Recordemos que os recursos das decisões que, definitiva ou provisoriamente, se pronunciem sobre a aplicação, alteração ou cessação de medidas de promoção e proteção, artigo 123.º do LPCJP, são da competência das secções cíveis das Relações e do STJ e não das respetivas secções criminais.
Não compete ao STJ, em sede de providência de habeas corpus, sindicar, como se de uma revista se tratasse, o acerto da fundamentação do juízo de aplicação das ditas medidas de acolhimento residencial, primeiro e, da actual, de apoio juto da mãe depois, não sendo possível afirmar a existência de qualquer situação de ilegalidade evidente, ostensiva, indiscutível e diretamente verificável.
Será no âmbito da jurisdição civil que o pai da criança poderá questionar as aludidas decisões.
Não é a providência extraordinária de habeas corpus o meio processual vocacionado para discutir/sindicar tais decisões e debater verificação ou não dos pressupostos de facto e de Direito em que assentaram.
Neste quadro, estando a situação da criança definida por decisão judicial, a discutir, sendo caso disso, na jurisdição civil, temos como manifesto que não compete às secções criminais do STJ, em sede de providência de habeas corpus, sindicar, como se de uma revista se tratasse, o acerto do(s) juízo(s) ali emitidos, não sendo possível afirmar aqui a existência de uma qualquer situação de privação da liberdade de ilegalidade evidente, ostensiva, indiscutível e diretamente verificável.
Não se verifica, pois, o invocado fundamento de habeas corpus – nem qualquer outro, de resto – da existência de internamento não consentido – a traduzir uma situação de provação da liberdade motivada por facto pelo qual a lei a não permite.
A alegada situação não se enquadra em nenhuma das alíneas do n.º 2 do artigo 222.º CPPenal e, também, não cabe na previsão do artigo 220.º, imperfeitamente, invocado pelo peticionante, que não seria, sequer, da competência deste Supremo Tribunal.
Questão e vertente que o peticionante deixa bem explícita, de resto, ao invocar que os privados da liberdade não foram presentes ao Juiz, no prazo de 48 horas.
Resta concluir que a providência em apreço terá de ser indeferida, no tocante à criança.
2. 3. 2. O cônjuge.
Também não merece melhor sorte este segmento do habeas corpus, estruturado no facto de o cônjuge do peticionante estar contra a sua própria vontade acolhida numa casa de abrigo.
Não é essa a realidade que os autos deixam transparecer.
O que o processo evidencia é que foi o cônjuge do peticionante que tendo-se queixado de violência doméstica, por parte dele, em relação a si e à criança, decidiu ali ser acolhida.
Não lhe foi aplicada a ela nenhuma medida de coacção.
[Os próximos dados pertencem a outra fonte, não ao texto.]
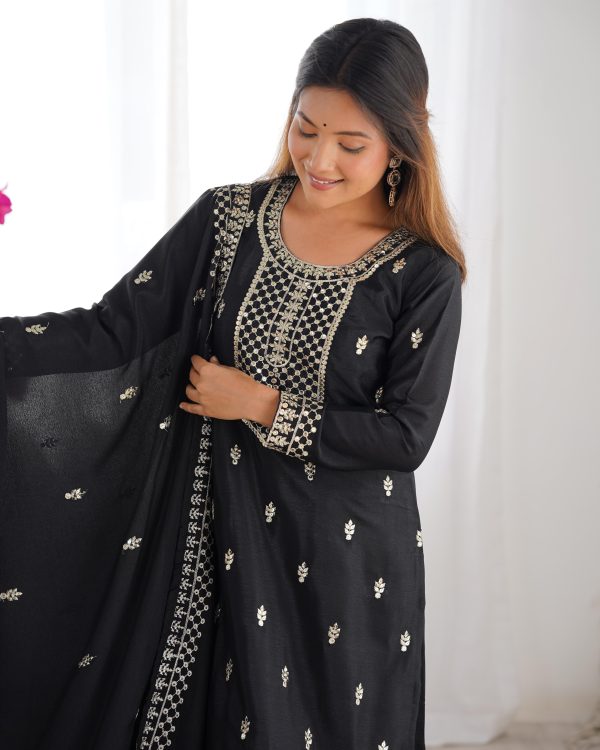 Black Chinon Silk Embroidery Jari Work Salwar Suit - Image 8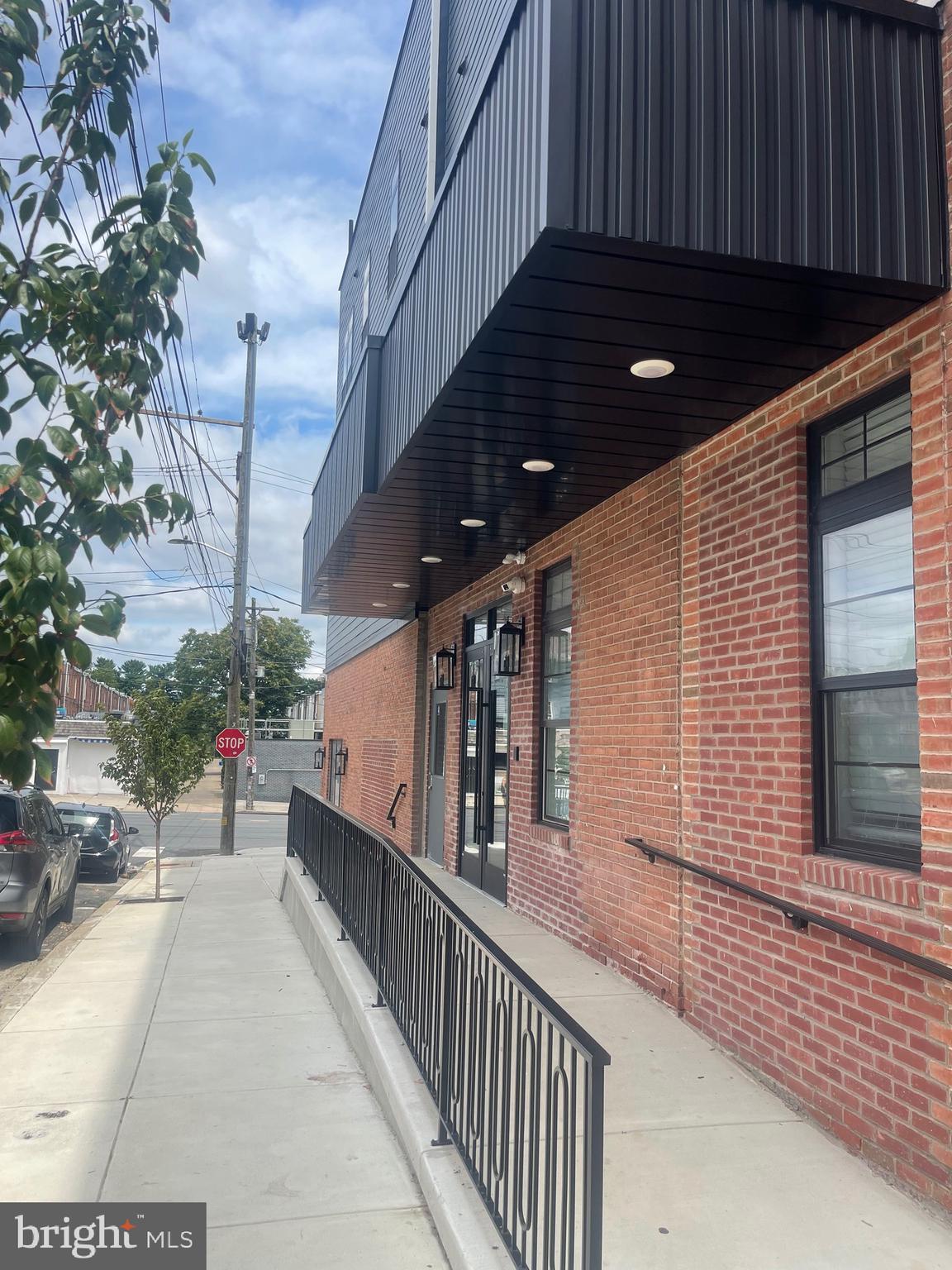 ROXBOROUGH - Residential Lease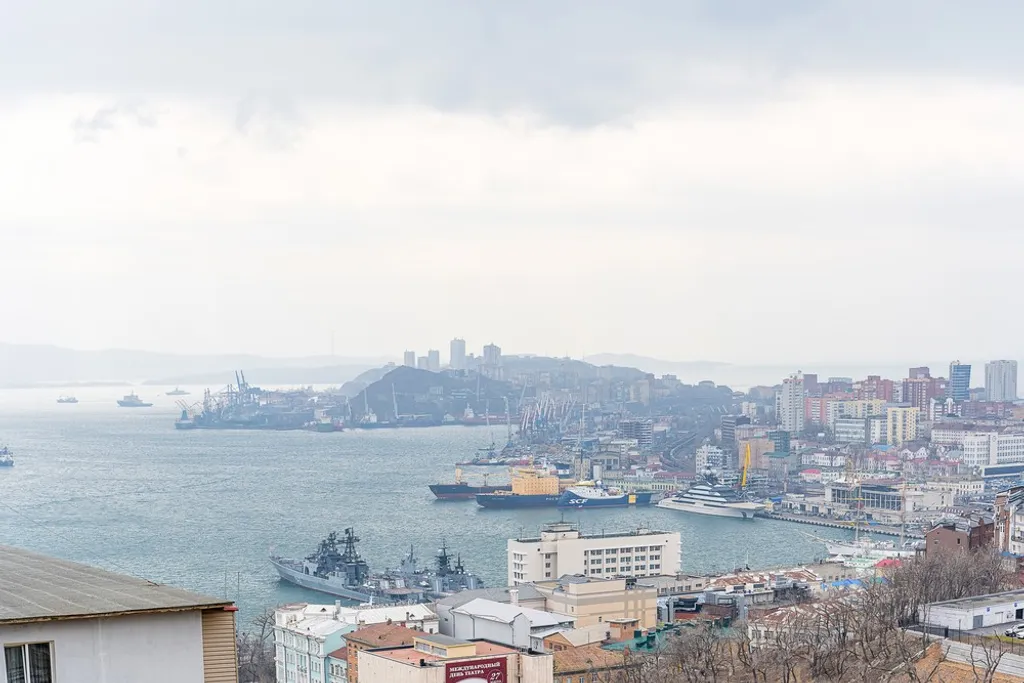 Квартира Апартаменты в центре, новостройка с панорамным видом на море — Владивосток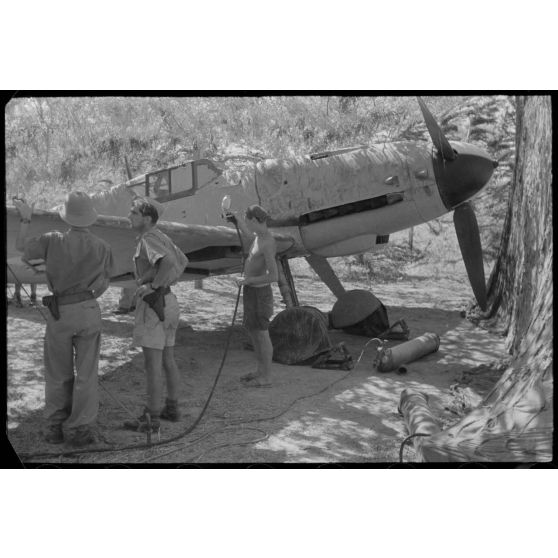A Mostar, la maintenance d'un moteur de Messerschmitt Bf-109 et portraits de l'Oberleutnant Heimo Emmerstorfer,  I./NAGr. 12.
Mormente restritiva da liberdade de circulação.
E ali se manterá enquanto o pretender. Enquanto se mantiveram, desde logo, os pressupostos que a levaram a sair da casa de morada de família.
O cônjuge do peticionante é que é a vítima. Ela é que se colocou longe da acção do peticionante, como forma de se precaver e de obviar à manutenção da situação de violência doméstica.
Nenhum fundamento existe para que, sequer, remotamente, se pudesse afirmar que está internada sem consentimento.
Muito menos privada da sua liberdade – em situação que a lei não prevê.
É claro, que no actual contexto existe uma relação de causa/efeito, entre o facto de a mãe estar numa casa abrigo e o facto de à criança - em perigo, recorde-se - ter sido aplicada a medida de apoio junto da mãe, deixando de vigorar a medida de acolhimento familiar, ou residencial.
Tal resulta expressamente da fundamentação da decisão de 13.6.
O que equivale por dizer que se a mãe se quiser ausentar a casa abrigo, seja para outro qualquer local, seja, regressar à casa de morada de família, o poderá fazer, por si, sem qualquer constrangimento.
Não poderá é deixar de ser avaliada a medida aplicada a favor da criança de apoio junto da mãe – se acaso esta for viver com o agressor, desde logo.
Com agressor da mãe da criança.
Recorde-se que a medida foi aplicada em benefício e no superior interesse da criança, que é o que aqui relevará, sempre.
Donde, improcede, aqui de forma, bem mais ostensiva, este segmento da petição.